### What to work on
Retype all of the listing exactly, with no pictures.

### The data
• • • • • • •

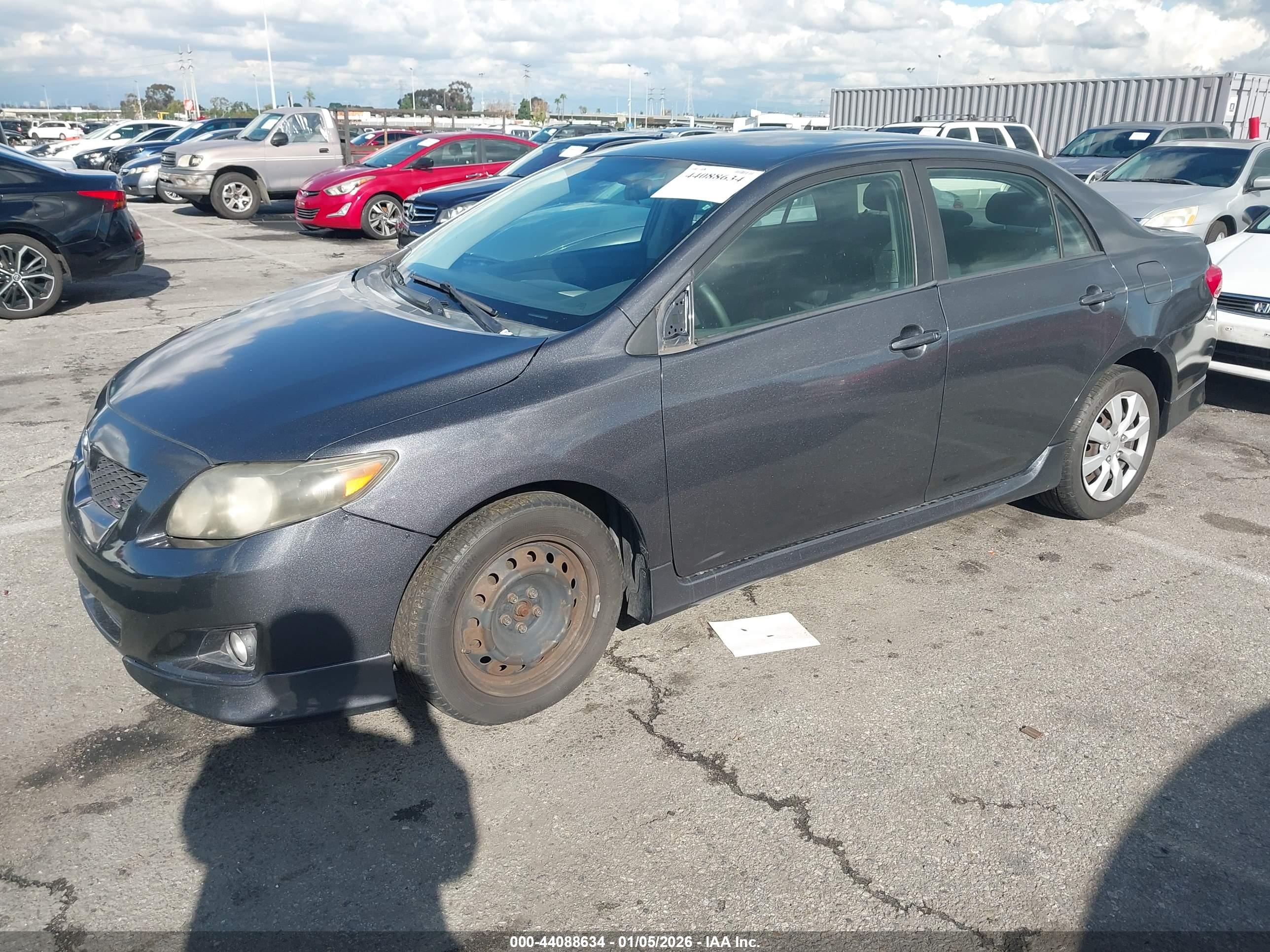 TOYOTA COROLLA image 2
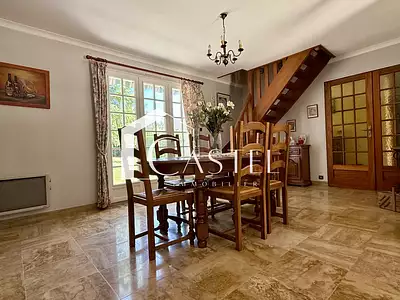 Maison, 178 m²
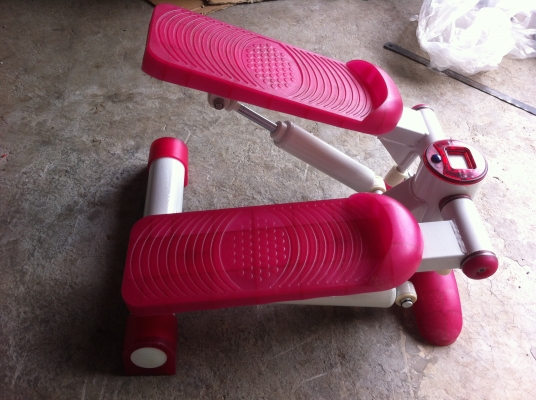 เครื่องออกกำลังกาย MINI STEPPERยืนเหยียบขึ้นลงเหมือนการก้าวเดินสภาพใหม่เก่าเก็บ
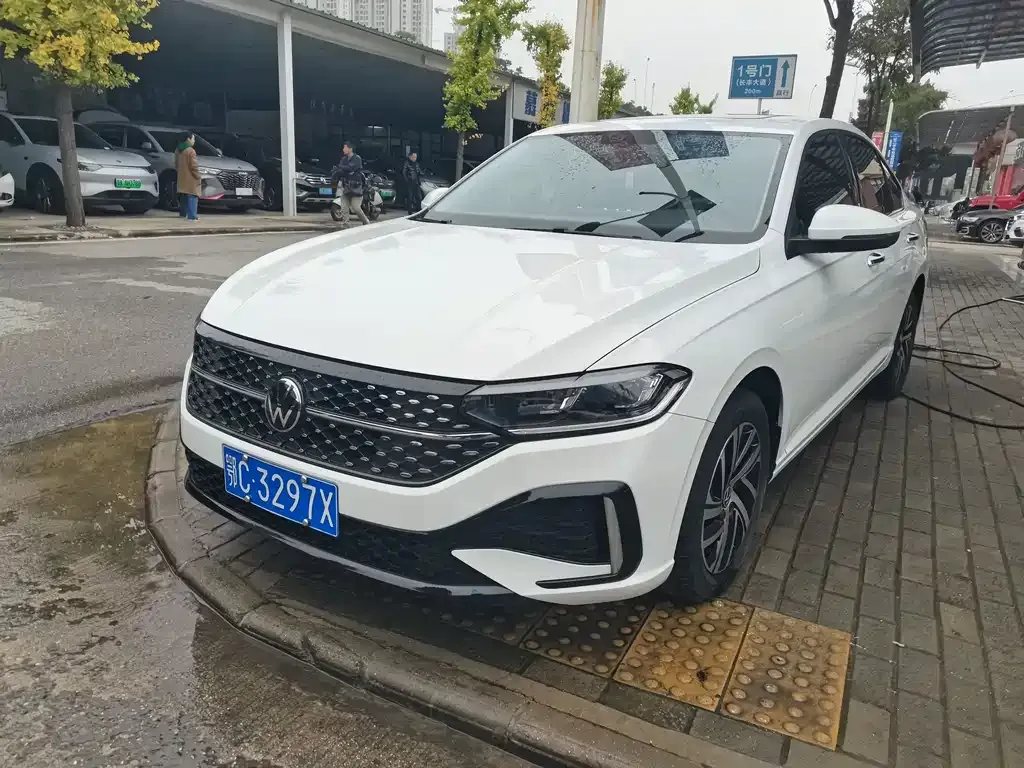 Volkswagen Lavida 2023 из CN, фото 1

• • • • • • •

### Output for this task
 TOYOTA COROLLA image 2
 Maison, 178 m²
 เครื่องออกกำลังกาย MINI STEPPERยืนเหยียบขึ้นลงเหมือนการก้าวเดินสภาพใหม่เก่าเก็บ
 Volkswagen Lavida 2023 из CN, фото 1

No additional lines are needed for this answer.